Let $F:C\to D$ be a “nice” functor (for example, $H_*(-;\mathbb{Z}):\mathbf{Top}\to \mathbf{Ab}^{\mathbb{Z}}$). Now assume that we have a category $O$ internal to $C$. Is there a canonical way to construct a category $F_*O$ which is internal to $D$?
In the case where $C$ and $D$ are monoidal and $O$ is not internal, but only enriched, the crucial property $F$ should fulfill is monoidality, as we need morphisms $Fx\otimes Fy\to F(x\otimes y)$ when defining the composition.
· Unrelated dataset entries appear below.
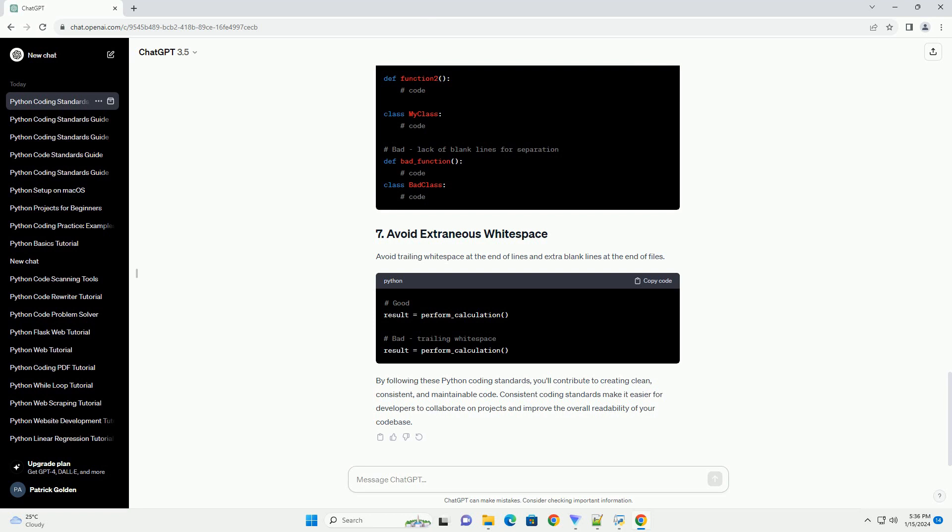Avoid trailing whitespace at the end of lines and extra blank lines at the end of files. By following these Python coding standards, you'll contribute to creating clean, consistent, and maintainable code.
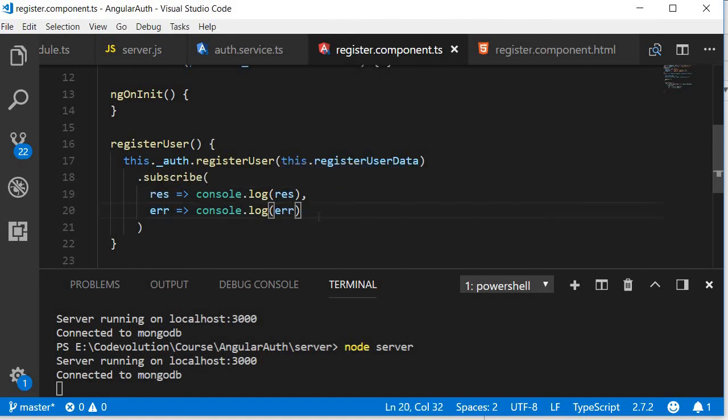User login is very similar so let's take a look at that in the next video.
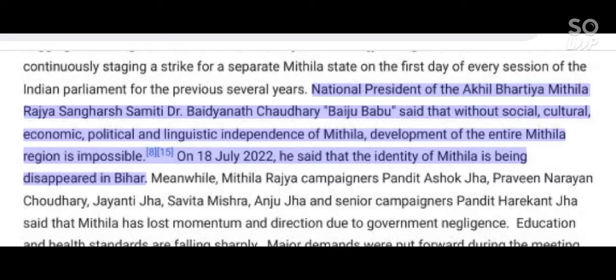National President of the Akhil Bhartiya Mithila Rajya Sangharsh Samhiti, Dr. Badyanath Chaudhary (Baju Babu), said that without social, cultural, economic, political, and linguistic independence of Mithila, development of the entire Mithila region is impossible.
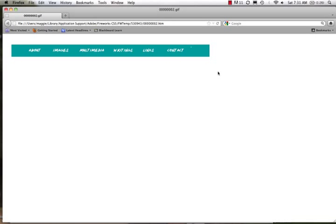In this video tutorial we're going to look at creating a header and a very simple navigation bar in Fireworks CS5. What I've opened on my screen right now is an end result of a nav bar.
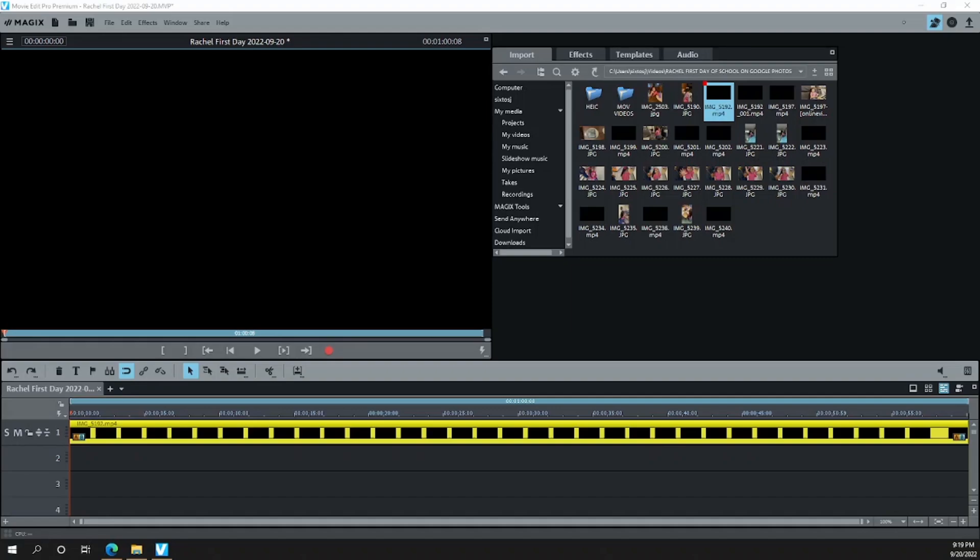Hello, everyone. Today, we're going to learn how to fix the issue with Magix Movie Edit Pro Premium, where when you're editing a video, you cannot see the preview.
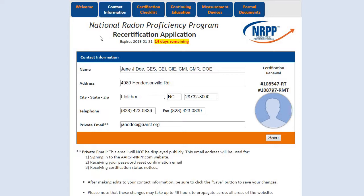If you are a new applicant, your application will be listed here as Initial Certification Application, and the expiration date listed will be set to one year from the date you took your exam.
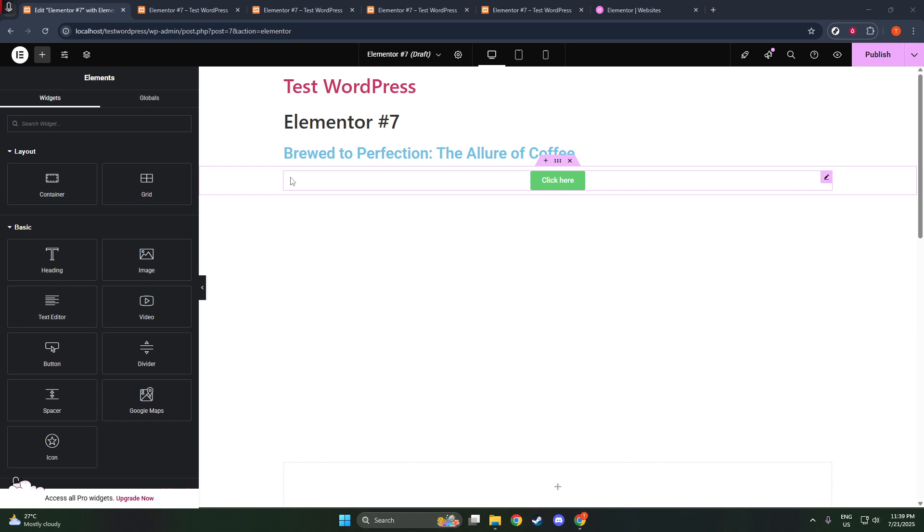To get started, first, open your WordPress page with Elementor enabled. Ensure you're logged into your WordPress dashboard and navigate to the page where you want to add your logo.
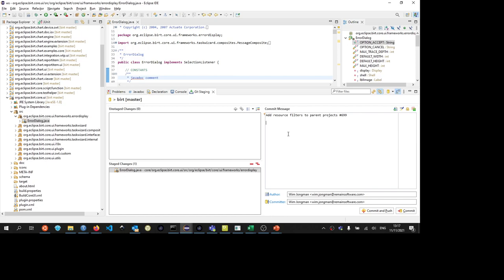Then I'm going to paste that inside the first line of the commit message. And then I say edit some Java documentation. Make sure that your author and committer are correct. These need to be matched with GitHub, but also with your Eclipse contributor agreement. You need to sign the Eclipse contributor agreement. That is also in the readme file of the GitHub repository. So I'm going to commit and push here.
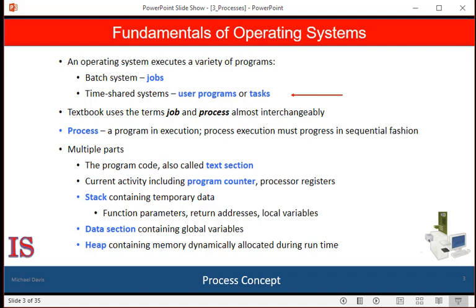Though we use the term processes, the term job has historical significance, as much of the operating system theory and terminology was developed during a time when the major activity of operating systems was job processing. So in some instances, we use the term job when describing the role of the operating system — for example, when we use the term job scheduling, when referring to the way the operating system determines which processes are allowed into the queue for use of the CPU. It would be misleading to avoid the use of the word job simply because the word process is now in style.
Here, it seems that there must be a transformation of pullbacks $Fx\times_{Fz} Fy\to F(x\times_z y)$, but maybe this is unnecessarily complicated.
I would be happy if one can construct such a pushforward for the above example $H_*(-;\mathbb{Z})$. In my case, I had to replace a $\mathbf{Top}$-enriched category $A$ by a $\mathbf{Top}$-internal category $B$ which is “homotopy equivalent” to the original one (when considering $\mathrm{ob}(A)$ as a discrete space), and I want to say something like “$H_*A$ and $H_*B$ are isomorphic as $\mathbf{Ab}^\mathbb{Z}$-enriched categories”.